Il n’est jamais agréable de se voir claquer la porte au nez. Du coup, le conseiller général de Nolay qui a su tailler sa route dans l’écheveau de la droite beaunoise où il s’est fait plus d’ennemis que d’amis, a la bonne surprise de voir le président de l’UMP de Côte-d’Or, Alain Suguenot (maire de Beaune), voler à son secours. Et, par un phénomène que n’aurait pas désavoué Archimède, la pression mise par l’UMP pour arrêter ce mouvement n’a eu pour effet que d’en redoubler l’ampleur… Car maintenant Emmanuel Bichot est saisi par le syndrome de Caliméro, le petit poussin noir du dessin animé qui ne cesse de clamer : « C’est trop injuste ». Emmanuel Bichot qui agace Alain Houpert avec son opiniâtreté et ses certitudes de premier de la classe, s’estime fondé à être mieux traité. Mais voilà Alain Houpert lui voue les sentiments que tout propriétaire porte à un sous-locataire peu soigneux de l’état des lieux et ne semble guère disposé à convoler électoralement avec lui.

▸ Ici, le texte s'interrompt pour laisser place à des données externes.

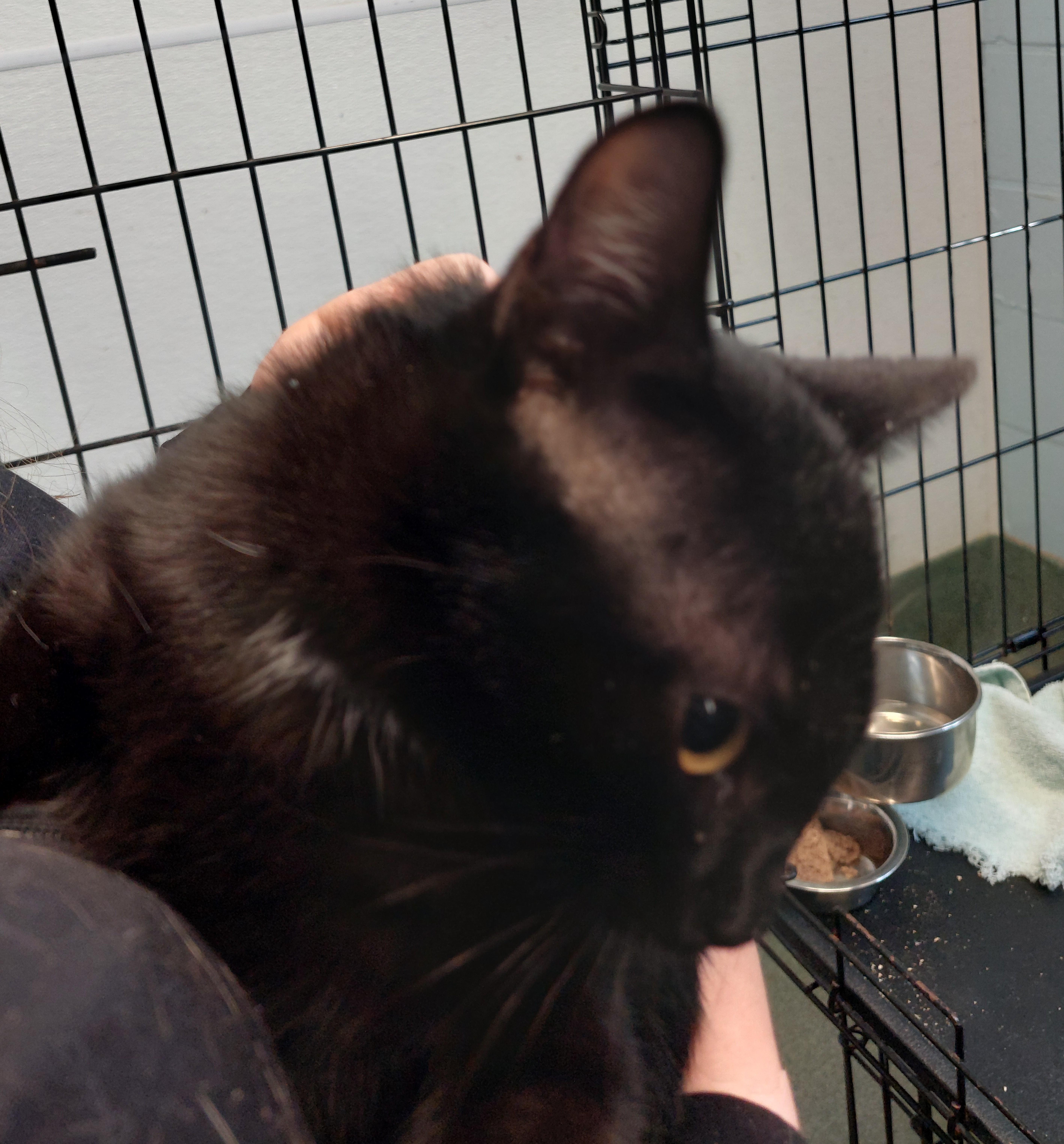 Lady Long Tail, Adoptable, Kitten Female Domestic Short Hair.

La politique ayant horreur du vide, Bernard Depîerre, l’ancien député de la 1ere circonscription, retrouve cette flamme dans l’oeil qui illumine le champ de bataille. Avant hier, c’était un des jeunes loups qui entouraient l’ancien maire Robert Poujade. Aujourd’hui, la meute a disparu, le poil gris, la peau couverte des cicatrices de défaites et de victoires, c’est le seul survivant de cette époque où le RPR dominait toute la vie politique locale. Bernard Depierre est prêt à se (re)lancer une dernière fois dans la bataille municipale à condition d’être le numéro 3 de la liste. Dans tous les cas, il ne se contentera pas d’un « ministère » de la parole.
Et puis, il y a le numéro 3 potentiel : Laurent Bourguignat, conseiller municipal UMP. qui se dit in petto que ce désordre le servira. Candidat déclaré, lui aussi, avant la désignation d’Alain Houpert, son calme et sa discrétion contrastent avec son ambition. Depuis son entrée en politique, sa première règle de conduite peut s’énoncer ainsi : il faut cultiver son pré carré et rester concentré sur sa propre trajectoire. Il est jeune et il se dit que le temps joue en sa faveur.
Mais revenons au jeu de dés 421. Le règlement spécifie que, quelque soit la meilleure combinaison, celui qui a fait 221, la plus petite combinaison, qu’on appelle aussi la « nénette » reçoit 2 jetons. Et, en politique, il vaut mieux éviter d’en recevoir de trop… Alain Houpert le sait.